Evaluating Your Activities
You might have in place an ethical code of conduct, employee volunteering programs, a waste-diversion system and socially-responsible procurement, but are these initiatives effective? Are they advancing your company's social and environmental objectives? Are they improving the positive impact you have on other people? Could they be better?
The answers to these questions are important. They will help ensure you are focused on the right initiatives in the first place. They will also guide you to remedy or eliminate weak programs and build upon the strengths of successful ones.
While every initiative could be evaluated on different merits, there are three generic ones you should always think about:
Content: Is the initiative aligned with your company's business and strategy? Does it relate to your company's products, services, and/or stakeholders? Do stakeholders care about it? Does it contribute to the most significant areas that you identified when assessing your company's impact?
Management: Does the initiative have goals? Are staff members responsible for its success? Is the initiative well-communicated to internal and, if appropriate, external stakeholders? Is the impact of the initiative being measured and reported? Are there systems in place for continuous learning and improvement?
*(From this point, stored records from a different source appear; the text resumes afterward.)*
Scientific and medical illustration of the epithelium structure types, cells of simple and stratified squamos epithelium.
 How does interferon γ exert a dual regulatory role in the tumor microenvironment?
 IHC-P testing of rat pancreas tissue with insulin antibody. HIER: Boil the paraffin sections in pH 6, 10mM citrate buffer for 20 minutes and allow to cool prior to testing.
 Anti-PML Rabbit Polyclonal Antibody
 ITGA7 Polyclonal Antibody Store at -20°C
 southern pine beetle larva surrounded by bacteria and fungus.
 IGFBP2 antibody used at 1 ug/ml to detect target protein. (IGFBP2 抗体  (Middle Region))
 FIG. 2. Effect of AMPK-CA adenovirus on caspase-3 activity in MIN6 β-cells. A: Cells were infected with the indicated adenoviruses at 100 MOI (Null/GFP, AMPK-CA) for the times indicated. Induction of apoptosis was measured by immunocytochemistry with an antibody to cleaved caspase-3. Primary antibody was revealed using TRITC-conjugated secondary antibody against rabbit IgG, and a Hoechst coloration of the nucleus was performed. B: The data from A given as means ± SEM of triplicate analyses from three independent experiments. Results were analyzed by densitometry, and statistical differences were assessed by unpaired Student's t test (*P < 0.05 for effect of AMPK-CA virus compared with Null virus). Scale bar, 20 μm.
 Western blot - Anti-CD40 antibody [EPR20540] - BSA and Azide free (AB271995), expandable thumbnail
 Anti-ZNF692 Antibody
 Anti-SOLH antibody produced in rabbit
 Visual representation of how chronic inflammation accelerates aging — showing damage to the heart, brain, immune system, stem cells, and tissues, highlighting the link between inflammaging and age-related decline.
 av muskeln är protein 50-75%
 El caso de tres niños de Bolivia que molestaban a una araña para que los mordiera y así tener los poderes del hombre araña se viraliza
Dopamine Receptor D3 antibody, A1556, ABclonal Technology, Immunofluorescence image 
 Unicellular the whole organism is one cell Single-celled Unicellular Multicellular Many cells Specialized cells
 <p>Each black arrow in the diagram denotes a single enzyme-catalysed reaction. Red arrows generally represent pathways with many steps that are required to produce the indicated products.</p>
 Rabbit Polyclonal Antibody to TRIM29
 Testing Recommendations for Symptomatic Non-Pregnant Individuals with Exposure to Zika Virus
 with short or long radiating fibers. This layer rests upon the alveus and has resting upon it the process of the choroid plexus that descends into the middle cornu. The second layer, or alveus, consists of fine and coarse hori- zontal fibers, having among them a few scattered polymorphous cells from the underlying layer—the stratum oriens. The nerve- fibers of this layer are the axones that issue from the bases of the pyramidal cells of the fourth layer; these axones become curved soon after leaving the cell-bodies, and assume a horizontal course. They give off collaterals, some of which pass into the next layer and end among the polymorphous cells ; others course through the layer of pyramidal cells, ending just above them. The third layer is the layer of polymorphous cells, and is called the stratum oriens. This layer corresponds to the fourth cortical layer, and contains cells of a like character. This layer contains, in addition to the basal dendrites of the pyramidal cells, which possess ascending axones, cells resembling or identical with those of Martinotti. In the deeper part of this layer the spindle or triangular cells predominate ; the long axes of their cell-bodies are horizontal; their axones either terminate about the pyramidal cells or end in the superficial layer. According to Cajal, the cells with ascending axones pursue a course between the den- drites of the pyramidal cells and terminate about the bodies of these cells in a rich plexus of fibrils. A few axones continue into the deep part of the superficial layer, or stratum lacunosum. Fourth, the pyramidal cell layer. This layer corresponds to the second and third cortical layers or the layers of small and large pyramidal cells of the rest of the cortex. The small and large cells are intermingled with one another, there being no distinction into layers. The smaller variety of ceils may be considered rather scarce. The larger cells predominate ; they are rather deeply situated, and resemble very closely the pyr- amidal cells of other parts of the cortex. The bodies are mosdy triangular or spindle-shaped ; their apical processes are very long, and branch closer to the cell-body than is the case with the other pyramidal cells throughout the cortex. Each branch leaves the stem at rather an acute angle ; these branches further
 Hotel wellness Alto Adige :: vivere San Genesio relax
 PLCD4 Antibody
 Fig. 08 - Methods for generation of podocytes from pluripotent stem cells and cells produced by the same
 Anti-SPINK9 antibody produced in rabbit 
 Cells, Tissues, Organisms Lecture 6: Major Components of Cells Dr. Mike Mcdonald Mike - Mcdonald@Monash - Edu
Results: Is the initiative producing desirable results? Is the intended benefit being realized? What is the magnitude of these results? Are there any unintended consequences - positive or negative - being caused by the initiative?
Next Steps
What do you do with this performance information once you have it? Knowledge of your strengths and weaknesses shows you where deficient performance can be improved and where strong performance can be built upon. Coupled with the other important elements of an assessment, you will be able to make informed decisions about your CSR initiatives: removing the irrelevant ones, improving the under-performers, and adding new initiatives in under-served areas. You will be able to focus your efforts on those areas with the greatest potential to benefit your business, society and the environment.